Resources

People often ask me "How did you learn how to hack?" The answer: by reading. This page is a collection of the blog posts and other articles that I have accumulated over the years of my journey. Enjoy!

Layer Zero is a cross-chain messaging protocol. The architecture is as follows:

1. User Application (UA) calls endpoint.
2. Endpoint emits an event on chain A.
3. Off-chain infrastructure attests the message.
4. Relayer sends the message through on chain B.
5. UA receives the message on chain B.

The application allows for configuraion of the relayer and the oracle per application. This seems that anyone can implement an off-chain relayer and use it themselves. The author had a question: "when does the LayerZero Labs Relayer stop listening to messages?"

In the contract UltraLightNodeV2, the function send() handles the event emission process for a cross-chain message. Interestingly, the event does NOT emit the relayer address itself. This peaked the authors interest! If it's not in the event, then the LZ relayer must keep track of each User Application (UA) that it supports. This feels racy.

Remember, there's no source for the off-chain infra! So, they started asking questions... what happens if a user changes their config? They submitted a PoC on chain where the Relayer and Oracle price submissions were 0 then changed the Oracle/Relayer back to the original LZ default.

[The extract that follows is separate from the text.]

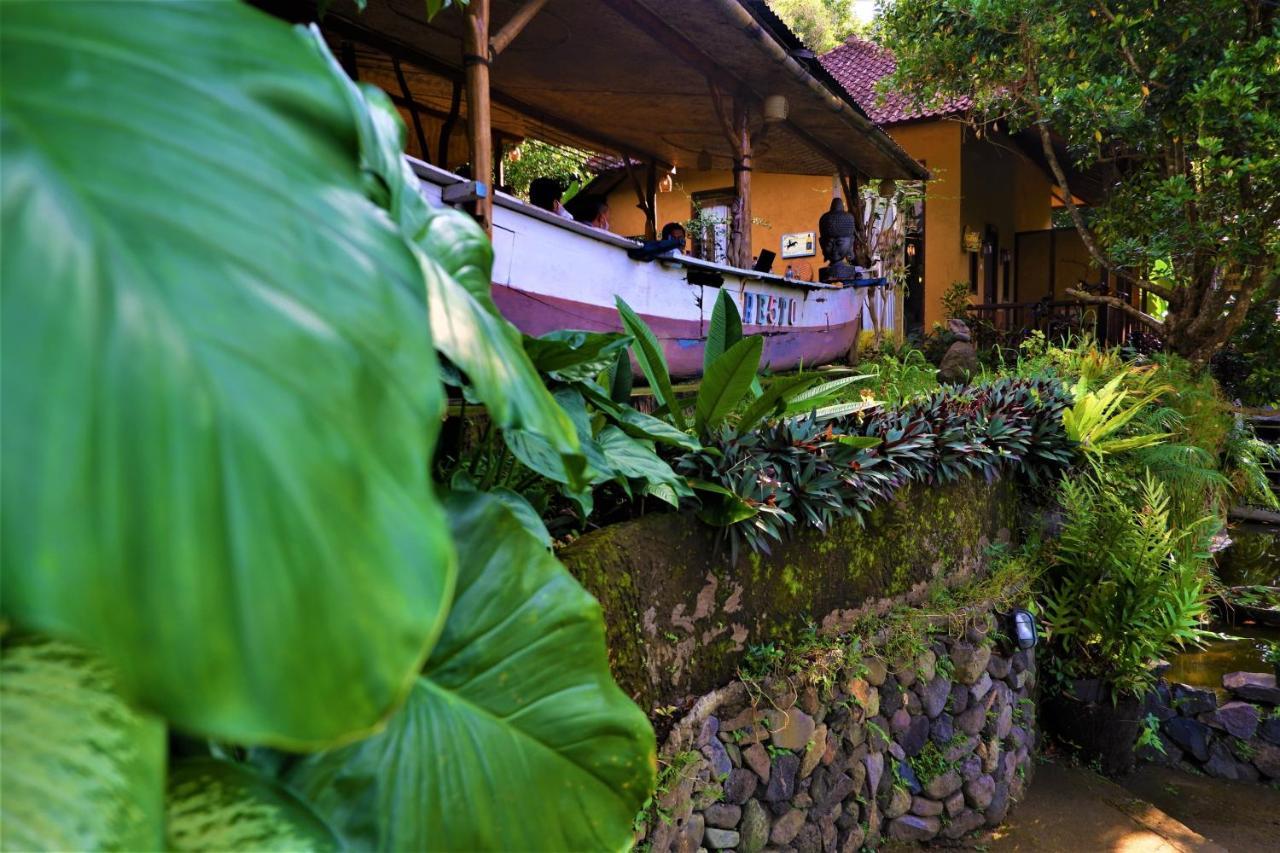 Swar Bali Lodge Munduk Exteriör bild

By diong this, the LZ relayer relayed the transaction without getting paid during the submission process. This means that you can use LZ for free and drain the funds from the LZ relayer wallet. Naturally, if these funds are drained then the other apps would no longer work.

The smart contracts are open source but none of the off-chain code is. The author decided to black-box test some code to see how it would react. To me, this is interesting but crosses a important trust threshold. What if a malicious actor was looking at these transactions and then mimiced the exploit? Unlike web2, where your traffic is your own, doing live testing on-chain could lead to further issues.